Planet-disk interaction in highly inclined systems

TL;DR

This paper investigates how highly inclined proto-planetary disks interact with planets, revealing that inclination damping is often too slow to realign such planets with their disks, influencing planetary system formation theories.

Contribution

It provides a linear regime analysis of planet-disk interactions at high inclinations, including migration and damping timescales, and discusses implications for Hot Jupiters and small planetary systems.

Findings

Inclination damping timescales can exceed disk lifetimes.

Highly inclined planets cannot realign with the disk.

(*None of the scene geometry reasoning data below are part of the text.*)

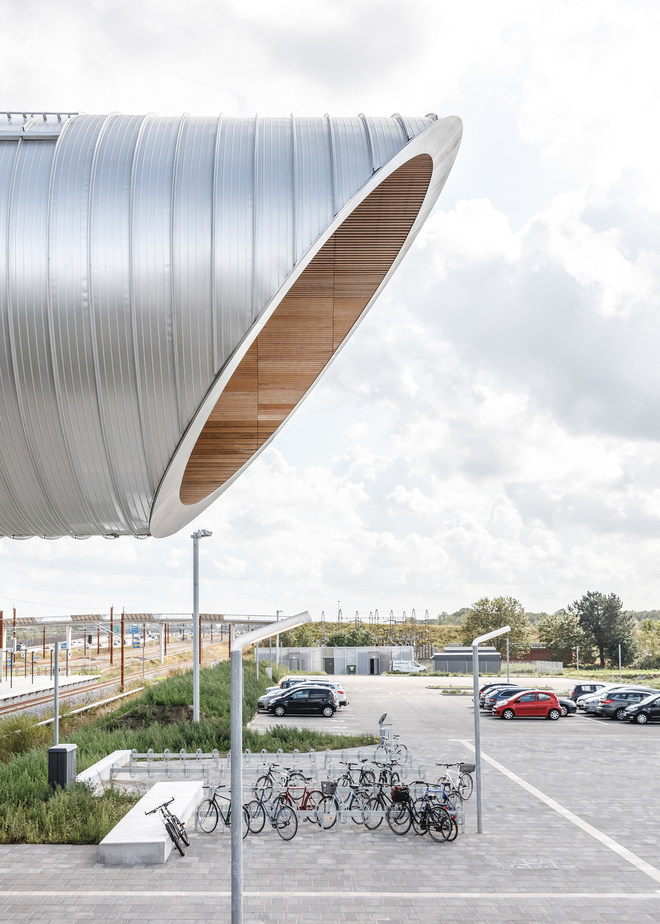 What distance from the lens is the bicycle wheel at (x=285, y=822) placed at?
13591 mm

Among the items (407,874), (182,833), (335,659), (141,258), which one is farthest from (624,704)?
(335,659)

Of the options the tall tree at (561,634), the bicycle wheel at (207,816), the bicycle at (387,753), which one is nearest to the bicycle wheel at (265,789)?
the bicycle wheel at (207,816)

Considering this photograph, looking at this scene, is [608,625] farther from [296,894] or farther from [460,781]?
[296,894]

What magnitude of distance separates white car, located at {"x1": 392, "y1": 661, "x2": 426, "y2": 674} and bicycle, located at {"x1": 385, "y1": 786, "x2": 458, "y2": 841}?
4711 cm

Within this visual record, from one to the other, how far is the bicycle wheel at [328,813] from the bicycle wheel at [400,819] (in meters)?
0.93

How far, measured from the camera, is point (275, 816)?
1376cm

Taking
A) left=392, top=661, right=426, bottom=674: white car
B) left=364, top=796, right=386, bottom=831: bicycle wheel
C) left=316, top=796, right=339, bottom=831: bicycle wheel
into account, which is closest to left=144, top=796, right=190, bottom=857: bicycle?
left=316, top=796, right=339, bottom=831: bicycle wheel

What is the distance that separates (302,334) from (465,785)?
9.68 meters

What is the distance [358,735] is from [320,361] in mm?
15507

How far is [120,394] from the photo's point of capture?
986 centimetres

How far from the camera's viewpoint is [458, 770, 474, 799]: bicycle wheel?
15861mm

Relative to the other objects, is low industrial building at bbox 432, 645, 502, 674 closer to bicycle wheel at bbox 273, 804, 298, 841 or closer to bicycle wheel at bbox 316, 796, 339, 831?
bicycle wheel at bbox 316, 796, 339, 831

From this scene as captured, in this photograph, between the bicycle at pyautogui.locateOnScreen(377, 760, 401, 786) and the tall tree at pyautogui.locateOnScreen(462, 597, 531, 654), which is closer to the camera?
the bicycle at pyautogui.locateOnScreen(377, 760, 401, 786)

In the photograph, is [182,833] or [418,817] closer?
[182,833] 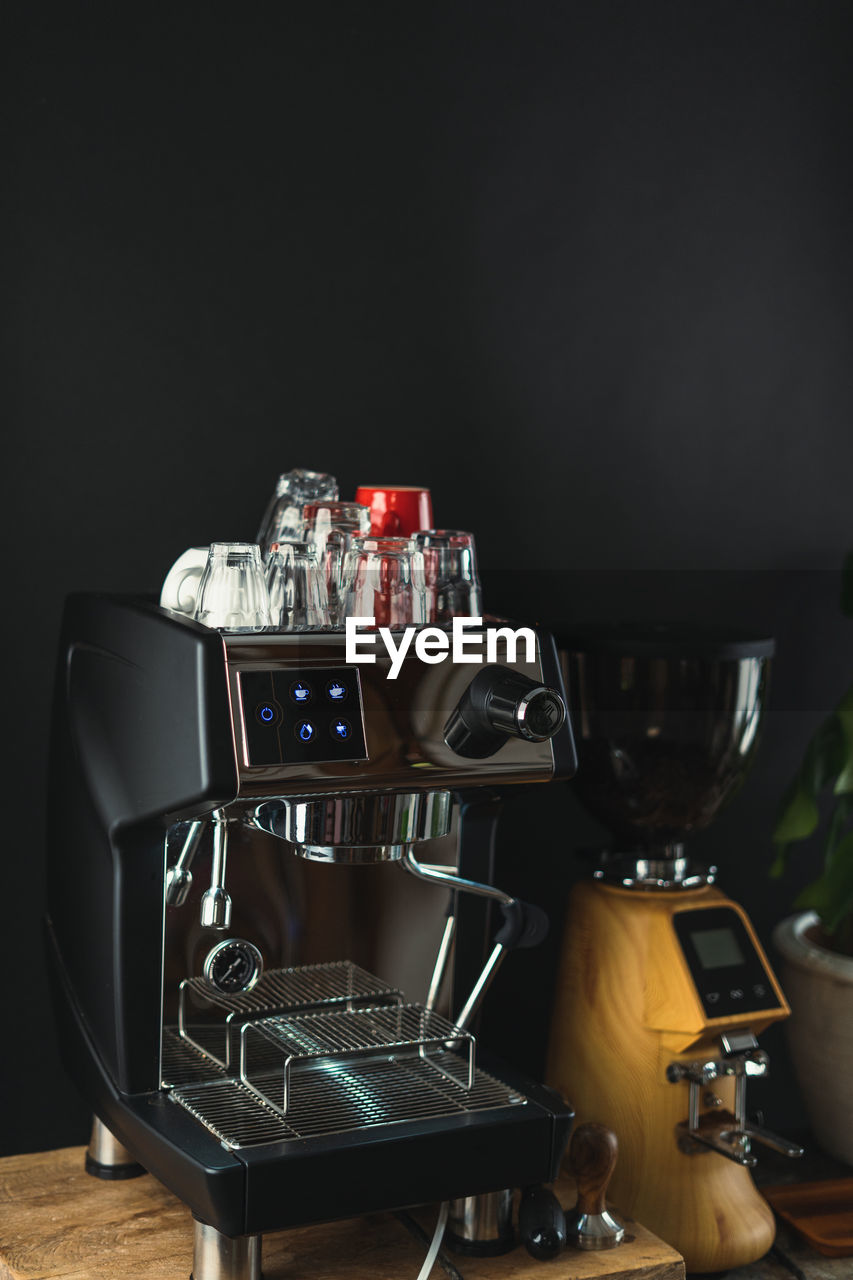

Simulation dependence on gravitational softening is logarithmic.

Abstract

We study the interaction of a proto-planetary disk and a planet on a highly inclined orbit in the linear regime. The evolution of the planet is dominated by dynamical friction for planet masses above several Earth-masses. Smaller planets are dominated by aerodynamic drag, especially for very high inclinations and retrograde orbits. The time-scales associated with migration and inclination damping are calculated. For certain values of the inclination, the inclination damping time-scale is longer than the migration time-scale and the disk lifetime. This result shows that highly inclined planets can not (re-)align with the proto-planetary disk. We discuss the dependence of numerical simulations on the gravitational softening parameter. We find only a logarithmic dependence, making global three dimensional simulations of this process computationally feasible. A large fraction of Hot Jupiters is on highly inclined orbits with respect to the rotation axis of the star. On the other hand small-mass planetary systems discovered by the Kepler mission have low mutual inclinations. This shows that there are two distinct formation mechanisms at work. The process that creates inclined Hot Jupiters does not operate on small mass planets because the damping timescales are so long that these systems would still be inclined today.